Print exactly the lines of the listing below from the one containing "Carlos Alberto Coutinho" through the final line, both included, and no pictures.

■ DATASET EXCERPT ■
┄┄┄┄┄┄

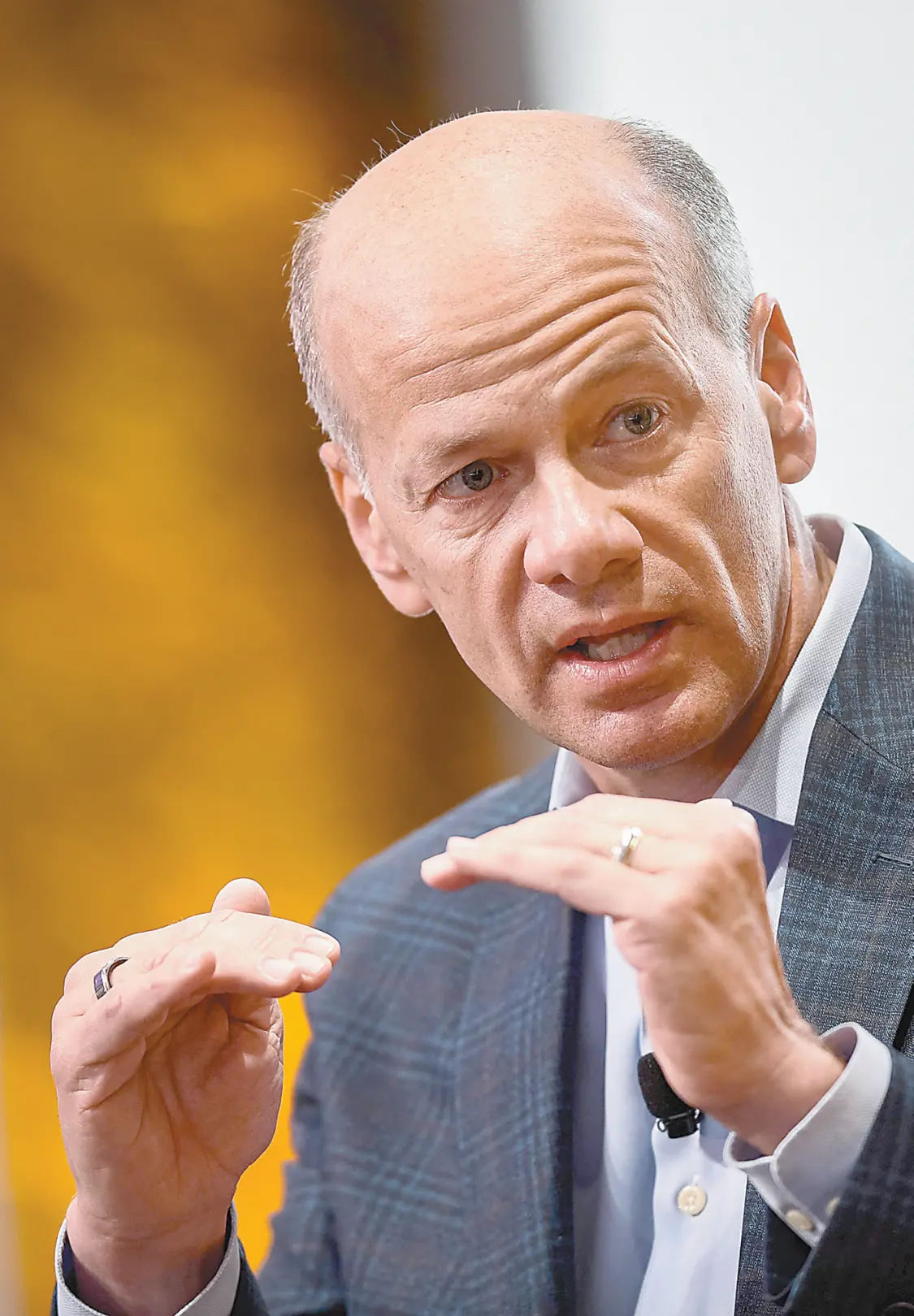 娛樂城：聚焦科技引来关注 提前套现受到质疑 硅谷银行在他手中坠落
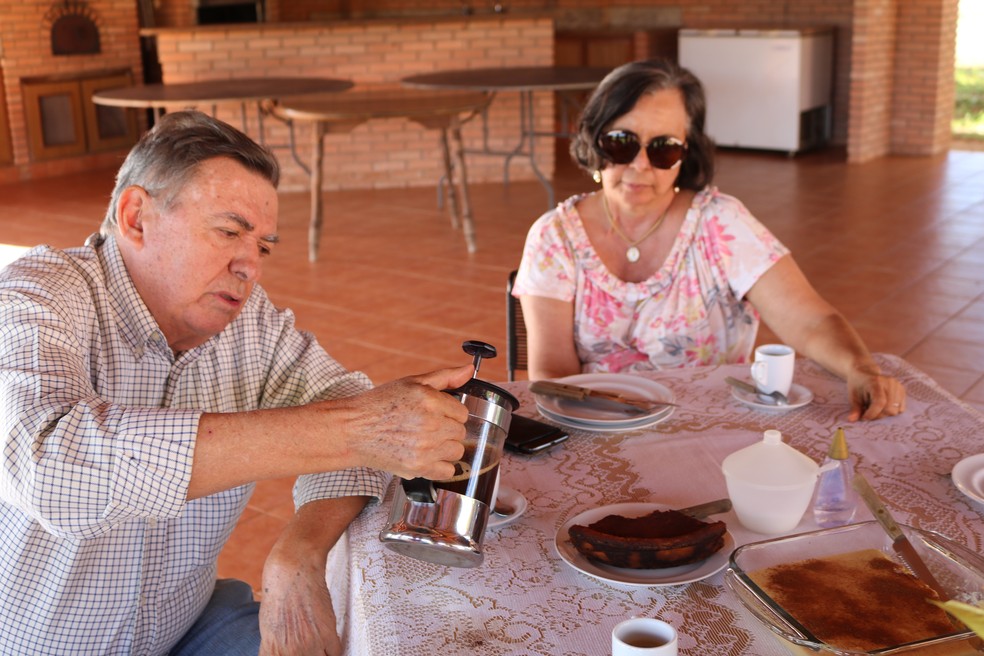 Carlos Alberto Coutinho e a esposa são produtores de café no DF — Foto: Emater-DF/ Divulgação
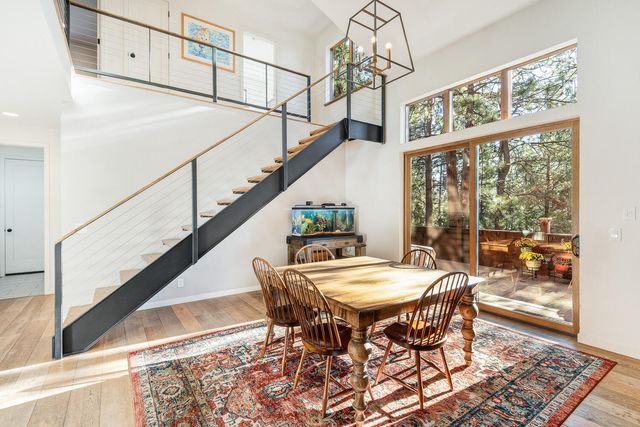 61389 Campbell Court, Bend, OR 97702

┄┄┄┄┄┄

■ YOUR SOLUTION ■
 Carlos Alberto Coutinho e a esposa são produtores de café no DF — Foto: Emater-DF/ Divulgação
 61389 Campbell Court, Bend, OR 97702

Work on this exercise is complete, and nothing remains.